Coordinates: 29°48′N 35°02′E / 29.80°N 35.04°E
The Sands of Samar (Hebrew: חולות סמר), also called the Samar sands or Samar sand dunes, are an expanse of sand dunes in the Arava region of southern Israel. Once encompassing an area of seven square kilometers, agricultural development and sand mining have reduced the sands to 2.3 square kilometers. In recent years environmentalists and local residents have campaigned to preserve what remains of the dunes.
The Sands of Samar are located near Kibbutz Samar in southern Israel, 30 kilometers north of Eilat.

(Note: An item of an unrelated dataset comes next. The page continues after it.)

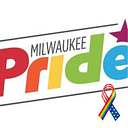 CREAM CITY FOUNDATION INC logo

Once part of a larger network of dunes, zoning for date groves and other crops, as well as factory pollution and extensive sand mining to support construction projects in Eilat, have vastly reduced the presence of sand dunes in the area. Since Israel's 1994 peace treaty with Jordan, which placed neighboring dunes on the Jordanian side of the border, the Sands of Samar are the last remaining sand dunes on Israel's side of the Arava, constituting a unique and valuable habitat for desert-dwelling organisms. Of the seven square kilometers of dunes that once existed, 2.3 square kilometers remain today.
The Samar sand dunes were formed over thousands of years as grains of crumbled Nubian sandstone from the Timna valley were carried south and east toward the salt pan of Yotvata. Over time, eolian processes shaped the sands into stable dune formations.